Untersuchung zeigt: Alle Modelle wären theoretisch rechtlich möglich
Betrachtet wurden drei Varianten:
- Das von Großbritannien inzwischen verworfene "Ruanda-Modell". Das sah vor, Asylbewerber in ein anderes Land zu bringen – in diesem Fall Ruanda –, wo sie dann ein Asylverfahren durchlaufen sollten.
- Das durch mehrere Gerichtsurteile verhinderte "Albanien-Modell", bei dem Italien bestimmte Bootsmigranten bis zur Entscheidung über ihren Asylantrag in albanischen Lagern unterbringen wollte.
- Sogenannte "Hinweg-Modelle", bei denen ein Schutzersuchen, bevor jemand europäischen Boden erreicht, in einem Transitstaat geprüft wird.
In dem Bericht heißt es: "Alle Modelle erscheinen – teilweise nach wesentlichen Rechtsänderungen – grundsätzlich rechtlich möglich", in praktischer Hinsicht seien sie aber mit teils erheblichen Schwierigkeiten verbunden.
Umsetzung "unrealistisch"
Eine Anwendung von Drittstaatsmodellen auf eine Vielzahl von Asylantragstellern sei "unrealistisch", weil "erhebliche Hürden, insbesondere mit Blick auf den Menschenrechtsschutz und Rechtstaatlichkeit im Drittstaat" bestehen, wie es in dem Bericht heißt. "Die Erfahrungen anderer Staaten sowie die im Bericht (...) ausführlich dargelegten Herausforderungen und Schwierigkeiten führen dazu, dass die Anwendung des Drittstaatenkonzepts nicht als Massenverfahren taugt", führt der Bericht weiter aus. "Es kann allenfalls einen Baustein von vielen zur Migrationssteuerung darstellen. Hierfür wäre es notwendig, seine Anwendung auf bestimmte Fall- oder Personengruppen zu beschränken."

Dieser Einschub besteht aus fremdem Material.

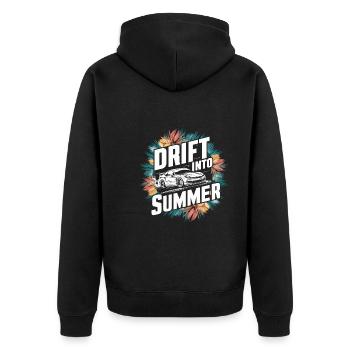 Car drift racing, racing car motorsport drift - Unisex Premium Organic Zip Hoodie - black - Back - Nico (187cm)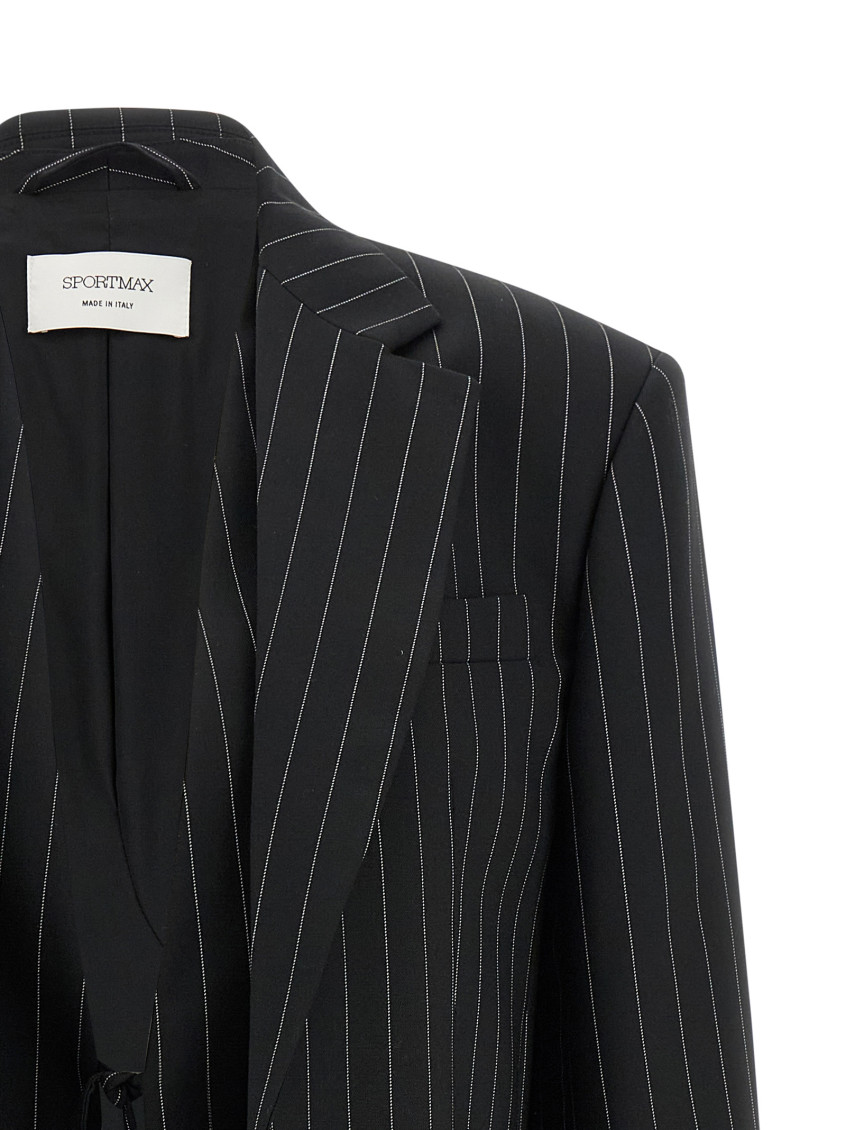 Spxdivina - Tailored Blazer In Pinstriped Gabardine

Eine Umsetzung sicherer Drittstaatenkonzepte könne dem Bericht zufolge allenfalls auf europäischer Ebene gelingen. Weiter heißt es jedoch: "Allerdings gibt es bisher keine Hinweise darauf, dass diese Drittstaaten bereit wären, über eine entsprechende Kooperation zu verhandeln." Über mögliche politische Schlussfolgerungen aus dem Bericht werde die künftige Bundesregierung zu entscheiden haben, teilte das Innenministerium mit.
Faeser warnt vor "immensen Kosten"
"Kooperationen mit Drittstaaten können ein weiterer Baustein sein, um irreguläre Migration zu begrenzen", sagte Faeser, deren Amt in wenigen Tagen der CSU-Politiker Alexander Dobrindt übernehmen soll. Die Erfahrungen Großbritanniens zeigten aber, "dass solche Versuche auch immense Kosten verursachen und auf ganzer Linie scheitern können". Dies müsse in eine realistische Betrachtung einfließen.
Der von der früheren konservativen britischen Regierung mit Ruanda geschlossene Asylpakt hat den Steuerzahler nach Angaben der neuen britischen Innenministerin Yvette Cooper mehr als 700 Millionen Pfund (etwa 830 Millionen Euro) gekostet. Die neue Labour-Regierung unter Premierminister Keir Starmer kippte den Asylpakt, nachdem seine Partei am 4. Juli die Parlamentswahl gewonnen hatte.